Thankfully for the tourists, though, India were not faced with too high a target to scale; a similar collapse by England earlier in the day, against Australia's 271, saw them lose the match by an agonisingly close margin, and compared to that, India really had no excuses to mess up their chase at Auckland.

In the end, it was Sehwag's knock that made the difference; he may have gotten a few reprieves, but he refused to be cowed down, taking the attack right into the Kiwi camp and playing some outrageously good shots along the way. His flat sixes over extra cover stand out, simply for the sheer power behind the stroke. Once Sehwag departed, however, India's middle-order caved to a series of injudicious strokes against bowling that was, at best, tight.

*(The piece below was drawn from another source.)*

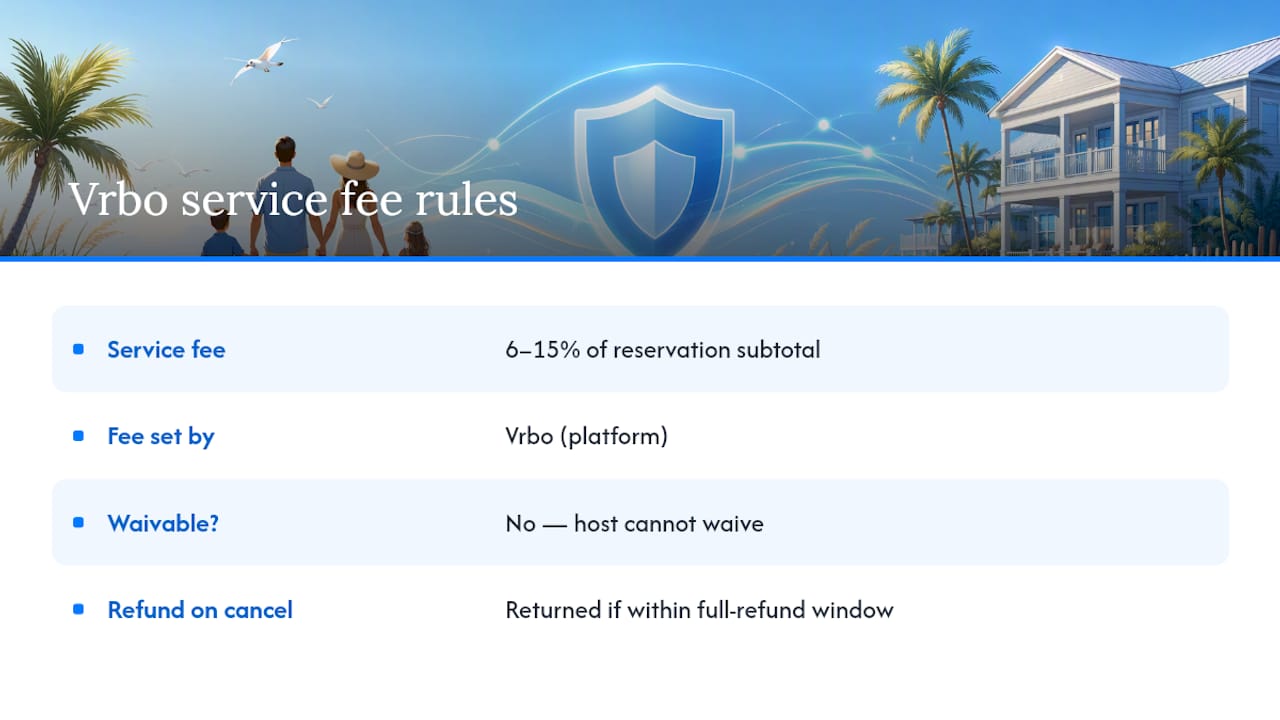 How Vrbo Service Fees Actually Work — overview diagram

The lower middle-order was, to say the least, suicidal. When the situation called for just singles and calm minds, run-outs and poor shots proliferated, and combined with New Zealand's sharp fielding, the pressure built rapidly. Had the hosts, in fact, had just 10 runs more in the bank, India may well have lost the match.

Javagal Srinath
© Reuters
In the last two matches, India's bowlers have had more batting to do than they would have bargained for. That is a pity, for they have been putting in some good performances with the ball. Javagal Srinath today bowled outstandingly, picking up three wickets and conceding only 13 runs in his 10 overs. Admittedly the bowlers let the game slip after having New Zealand very much by the throat, and the last wicket should not have added nearly as many runs as they did, but compared to the later batting display, one can hardly fault the bowlers too much.

One area of worry is that the bowlers seem to be consistently taking more time to send down their quota, and in close games like this one, an over lost may make a big difference. That is an example of the way India give their opponents opportunities to get back into the game.

But the game is now over and done with. We may have scraped through to a win where we should have cantered in with five overs and five wickets to spare, but the bottom-line still records a win, and India must buck up, derive as much confidence as possible from the game, and move on to the final one-dayer.